Fiction Reviews


Coalescent

(2003) Stephen Baxter, Gollancz, 12.99, trdpbk, 473 pp, ISBN 0-575-07424-8

Having long been an admirer of Stephen Baxter's galaxy spanning epics, I was intrigued to find that Coalescent was more firmly rooted to Earth. The novel concerns two quests separated by 2000 years. In the present day George Poole is searching for a sister he had been unaware of until the death of his father. In the twilight of the Roman Empire, a woman starts her quest to preserve her family as Britain disintegrates without the Pax Romana. Both quests will ultimately lead to the same location in time and space, but their trajectories are disparate.
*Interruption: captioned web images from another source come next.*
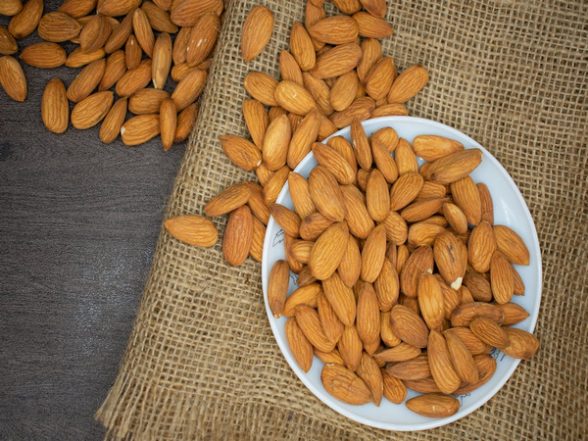 Lifestyle News | Study Finds Snacking on Almonds Boosts Gut Health
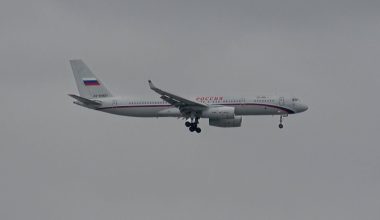 Tu-214 και An-148 πέταξαν από την Μόσχα στην Τεχεράνη!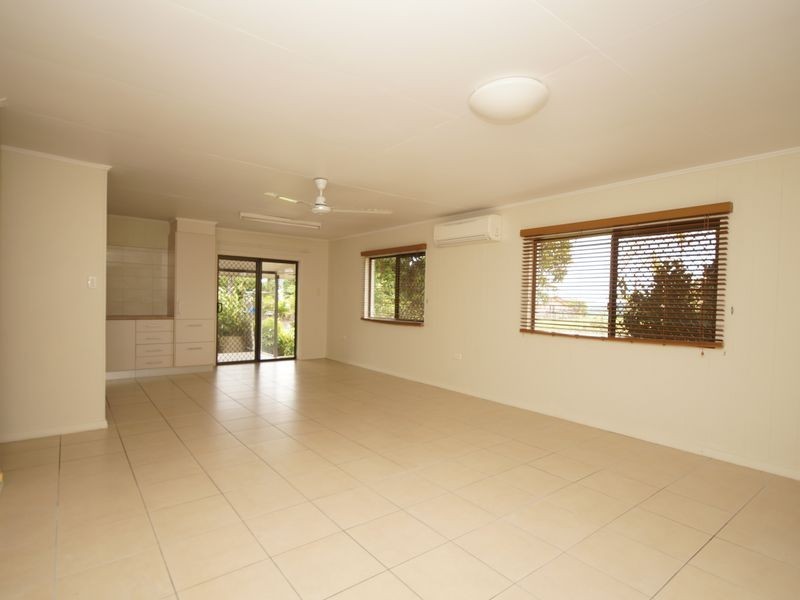 20 BRYANT, Tully QLD 4854
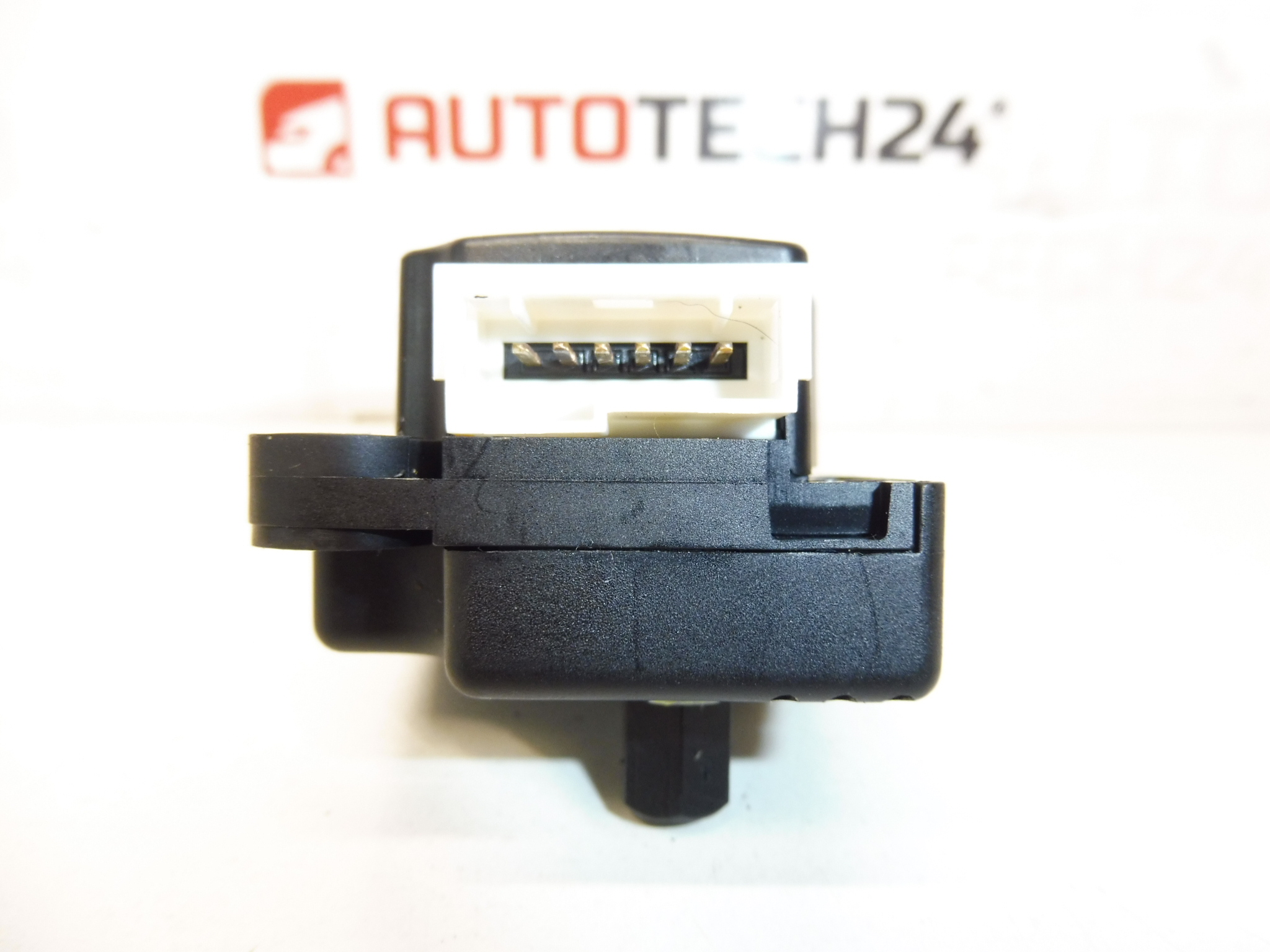 Серво BEHR Citroën Peugeot EAM501 951508Ua14 6447QN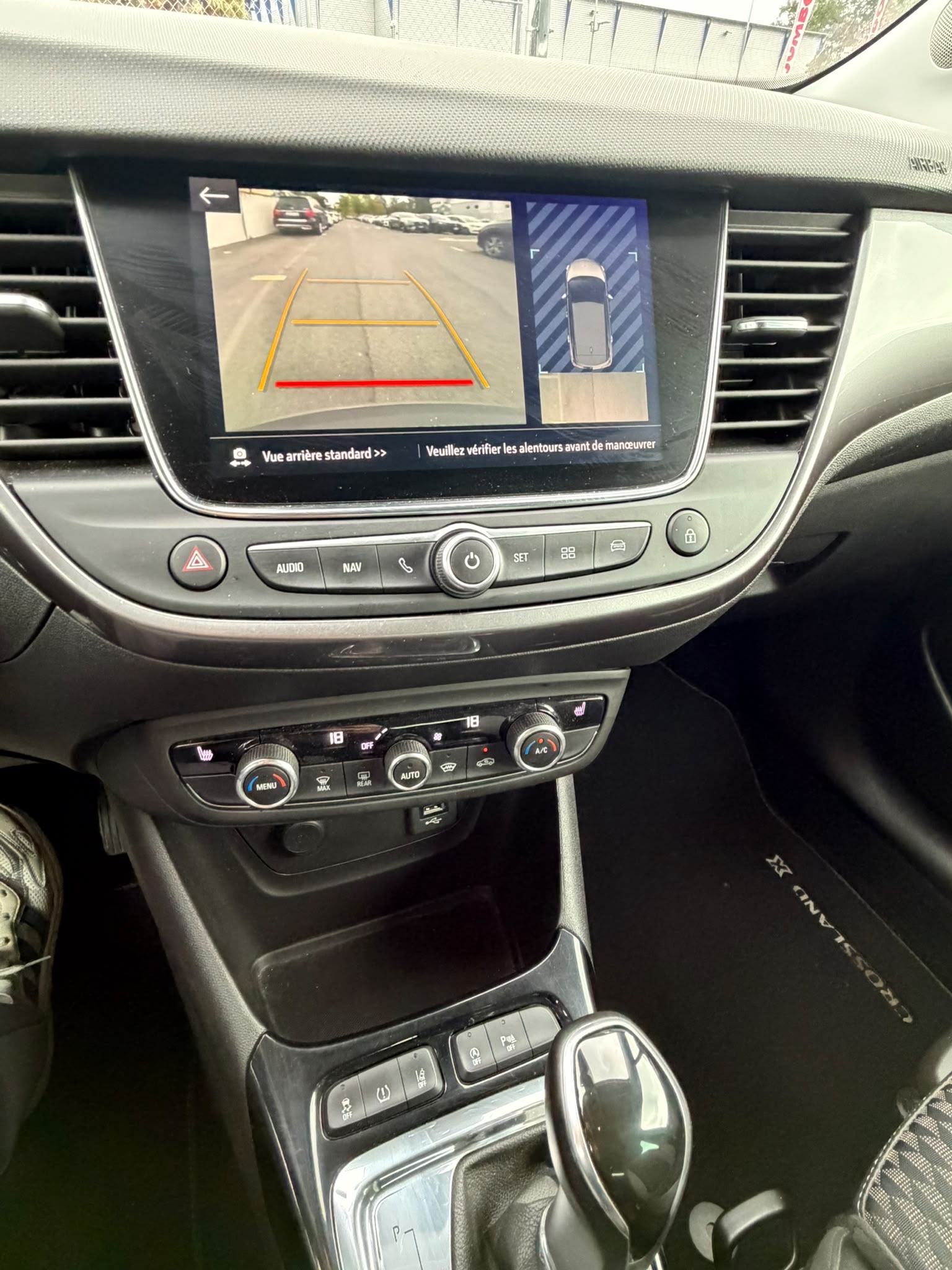 OPEL Crossland X 1.2i Ultimate Automatik-image-11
Baxter has succeeded again with a novel that is compelling for both strands, with the world of ancient Britain being particularly beautifully drawn. Baxter's success is not only based on a very clear and accessible style, but also on the detail he enriches the novel with. From the everyday life and brutality of the ancient world to modern day Rome and the obsessions of a sinister cult, the novel is packed with detail.

Coalescent is Book One of a new series called Destiny's Children, but this should in no way deter. The novel is self-contained and is easily digested on its own. There may be loose strands at the end, but the end was definitely the end and didn't leave me frustrated at a "cliff-hanger". Unusual, but well worthwhile.